The gist of Bannon’s argument that day, as Philip Bump noted in the Washington Post on Wednesday, was that rank-and-file Trump backers could help force Pence and Congress to accept Trump’s election fraud arguments. “We’re on the cusp of victory for only one reason,” Bannon told his audience: “You are woke.”
“It’s not going to happen like you think it’s going to happen,” Bannon also said. “It’s going to be extraordinarily different. And all I can say is: Strap in. Let’s get ready.” He added: “So many people said, ‘Man, if I was in a revolution, I would be in Washington.’ Well, this is your time in history.”

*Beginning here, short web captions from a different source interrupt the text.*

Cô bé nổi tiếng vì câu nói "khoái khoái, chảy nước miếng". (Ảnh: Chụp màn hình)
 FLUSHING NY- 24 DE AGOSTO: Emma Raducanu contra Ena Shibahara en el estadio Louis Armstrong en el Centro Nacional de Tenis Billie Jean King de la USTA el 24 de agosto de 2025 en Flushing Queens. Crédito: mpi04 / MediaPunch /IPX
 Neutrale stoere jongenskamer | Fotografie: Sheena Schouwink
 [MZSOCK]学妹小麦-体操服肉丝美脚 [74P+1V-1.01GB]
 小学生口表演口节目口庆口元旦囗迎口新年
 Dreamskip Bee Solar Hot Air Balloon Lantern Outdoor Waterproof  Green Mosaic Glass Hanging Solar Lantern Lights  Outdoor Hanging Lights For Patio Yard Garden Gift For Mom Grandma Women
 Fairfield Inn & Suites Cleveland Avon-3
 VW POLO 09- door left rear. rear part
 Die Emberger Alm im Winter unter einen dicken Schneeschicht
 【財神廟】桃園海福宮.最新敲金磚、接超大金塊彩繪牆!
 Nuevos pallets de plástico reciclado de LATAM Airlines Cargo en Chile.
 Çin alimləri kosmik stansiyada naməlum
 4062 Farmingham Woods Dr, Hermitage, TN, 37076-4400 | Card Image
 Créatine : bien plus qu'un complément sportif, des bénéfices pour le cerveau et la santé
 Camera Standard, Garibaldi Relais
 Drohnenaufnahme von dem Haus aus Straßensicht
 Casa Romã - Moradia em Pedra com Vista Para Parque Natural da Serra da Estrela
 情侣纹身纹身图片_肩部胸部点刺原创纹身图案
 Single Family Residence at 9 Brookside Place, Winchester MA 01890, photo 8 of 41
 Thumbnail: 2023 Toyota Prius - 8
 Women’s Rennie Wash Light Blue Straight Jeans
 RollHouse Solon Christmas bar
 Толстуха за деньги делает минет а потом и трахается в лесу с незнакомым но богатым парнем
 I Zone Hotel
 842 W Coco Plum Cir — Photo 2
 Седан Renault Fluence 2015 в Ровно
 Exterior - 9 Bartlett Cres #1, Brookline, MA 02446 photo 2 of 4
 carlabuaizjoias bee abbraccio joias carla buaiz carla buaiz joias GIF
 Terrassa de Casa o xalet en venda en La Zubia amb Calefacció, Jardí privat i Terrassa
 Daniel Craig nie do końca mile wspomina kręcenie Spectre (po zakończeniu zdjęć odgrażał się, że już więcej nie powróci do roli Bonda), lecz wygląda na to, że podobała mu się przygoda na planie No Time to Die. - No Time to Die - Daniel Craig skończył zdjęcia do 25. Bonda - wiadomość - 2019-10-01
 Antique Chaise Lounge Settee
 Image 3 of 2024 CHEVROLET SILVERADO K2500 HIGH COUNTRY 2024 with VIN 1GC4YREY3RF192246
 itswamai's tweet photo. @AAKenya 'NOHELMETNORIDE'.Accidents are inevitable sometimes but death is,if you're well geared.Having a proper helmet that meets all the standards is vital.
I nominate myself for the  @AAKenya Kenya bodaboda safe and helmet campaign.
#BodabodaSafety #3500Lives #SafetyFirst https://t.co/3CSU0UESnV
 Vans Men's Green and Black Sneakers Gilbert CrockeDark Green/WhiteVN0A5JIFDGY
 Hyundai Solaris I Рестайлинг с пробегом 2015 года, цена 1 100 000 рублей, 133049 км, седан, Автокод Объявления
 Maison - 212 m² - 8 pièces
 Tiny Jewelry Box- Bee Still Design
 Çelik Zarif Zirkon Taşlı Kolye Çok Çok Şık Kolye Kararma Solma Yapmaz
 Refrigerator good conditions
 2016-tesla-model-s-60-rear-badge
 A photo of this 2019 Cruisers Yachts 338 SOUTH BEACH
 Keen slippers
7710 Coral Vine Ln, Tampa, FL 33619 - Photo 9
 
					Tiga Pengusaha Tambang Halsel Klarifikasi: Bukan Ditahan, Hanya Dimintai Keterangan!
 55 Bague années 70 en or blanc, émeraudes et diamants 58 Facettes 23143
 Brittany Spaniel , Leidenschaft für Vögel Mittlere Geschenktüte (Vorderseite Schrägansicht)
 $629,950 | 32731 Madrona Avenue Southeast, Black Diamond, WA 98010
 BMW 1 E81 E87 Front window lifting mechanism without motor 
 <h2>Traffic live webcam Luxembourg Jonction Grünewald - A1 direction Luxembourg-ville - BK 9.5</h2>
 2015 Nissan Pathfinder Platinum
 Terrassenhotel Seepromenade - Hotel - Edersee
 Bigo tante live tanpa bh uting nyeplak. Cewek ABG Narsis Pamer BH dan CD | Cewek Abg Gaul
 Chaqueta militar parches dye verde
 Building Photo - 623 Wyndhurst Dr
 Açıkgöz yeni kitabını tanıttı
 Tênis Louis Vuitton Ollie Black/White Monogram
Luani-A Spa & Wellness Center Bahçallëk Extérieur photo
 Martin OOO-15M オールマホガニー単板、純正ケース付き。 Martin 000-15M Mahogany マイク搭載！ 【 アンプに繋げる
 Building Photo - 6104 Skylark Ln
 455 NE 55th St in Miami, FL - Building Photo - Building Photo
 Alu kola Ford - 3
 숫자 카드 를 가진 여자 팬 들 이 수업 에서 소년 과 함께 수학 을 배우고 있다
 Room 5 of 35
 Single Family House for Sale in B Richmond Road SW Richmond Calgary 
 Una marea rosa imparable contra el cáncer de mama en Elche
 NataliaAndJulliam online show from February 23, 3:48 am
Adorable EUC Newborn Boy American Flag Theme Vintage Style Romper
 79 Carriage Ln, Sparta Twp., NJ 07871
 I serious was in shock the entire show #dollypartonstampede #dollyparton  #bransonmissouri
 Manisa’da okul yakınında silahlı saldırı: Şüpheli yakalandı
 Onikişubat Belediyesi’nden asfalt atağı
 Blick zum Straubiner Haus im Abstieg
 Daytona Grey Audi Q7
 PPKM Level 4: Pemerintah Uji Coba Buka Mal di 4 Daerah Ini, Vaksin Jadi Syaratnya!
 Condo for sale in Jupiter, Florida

The next day, Bannon joined with other Trump advisers, including Trump’s lawyer, Rudy Giuliani, longtime adviser Roger Stone, spokesperson Jason Miller, conspiracy theorist Russell Ramsland, and John Eastman, the infamous articulator of the legal strategy postulating that Pence could simply declare that Trump won the election. The select committee, citing Woodward and Costa, said the Trump advisers “discussed plans to stop or delay the January 6th counting of the election results and persuade Members of Congress to block the electoral count.”
Since January, Bannon has kept at it, hosting MyPillow guy Mike Lindell and other election fraud conspiracy theorists on his podcast. At an event in New York in June, Bannon declared that Lindell had “proven” that China “did a cyber hack to get rid of Donald J. Trump.” (I was there. Lindell did not prove that.) Bannon has also embraced Lindell’s assertion that the Supreme Court might order Trump restored to the presidency in place of Biden. And Bannon is pressing, with some apparent success, for far-right activists to seek positions as local poll workers and election inspectors, ProPublica reported.
What responsibility actors like Bannon have for the violence on January 6, and for the prospect of similar future incidents, is hard to tease out. You can call it a coup attempt. But it was, more specifically, an effort to use lies and a dangerous mob to subvert a democratic election result. The House has to wait to see if the Justice Department and the courts will force Bannon to comply with its subpoena. But no one needs to wait to judge his actions.